By Kamila Aliyeva
Turkey and Iran, two regional superpowers, will discuss regional issues during the visit of Turkish Chief of Staff Hulusi Akar to Iran.
The sides are expected to discuss the Syrian crisis as well as the referendum on independence in the Kurdish autonomy of Iraq, Turkish media outlets reported on October 2.
The Kurdish Regional Government’s (KRG) held a controversial independence referendum in northern Iraq, including areas disputed between Erbil and Baghdad, on September 25. Election authorities in Kurdistan announced that the independence referendum passed with 92 percent support.
Iraq, Iran and Turkey - countries with Kurdish minorities - have all denounced the referendum as a threat to the stability of a region already beset by conflict, while the United States has expressed similar disquiet.
Earlier, Turkish President Recep Tayyip Erdogan announced that he will pay an official visit to Tehran on October 4.

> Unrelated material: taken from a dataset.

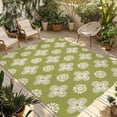 thumbnail image 1 of Sage Green Floral Outdoor Rug 5x7 Ft - Reversible Patio Rug Outdoor Camping Rugs, Spring Flowers Modern Abstract Art Farmhouse Indoor Outdoor Area Rugs, Non-Slip Outdoor Carpet Runner for Deck/Porch, 1 of 8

In the course of the visit, the Turkish president will meet with his Iranian counterpart Hassan Rouhani and supreme leader Ayatollah Ali Khamenei. The meetings will discuss bilateral relations, regional issues, the settlement of the Syrian crisis and the situation in Iraq.
Speaking at the Turkish Parliament's legislative year reception, the Turkish president said the roadmap that Turkey and Iran will follow in response to the controversial referendum and other regional developments will take shape after this visit.
As for Syrian issue, Russia, Turkey and Iran - had agreed on May 4 in the Kazakh capital, Astana, to establish "de-escalation zones" in war-torn Syria. The zones would cover the city of Idlib and certain parts of Latakia, Homs, Aleppo and Hama as well as Damascus, Eastern Ghouta, Daraa and Quneitra.
Syria has been locked in civil war since March 2011. According to UN's special envoy for Syria, Staffan de Mistura, around 400,000 people have died in the conflict while half the population has been driven from their homes.
Government forces are opposed by militant groups belonging to armed formations of various political orientations. The most active are the Islamic State, YPG and PYD.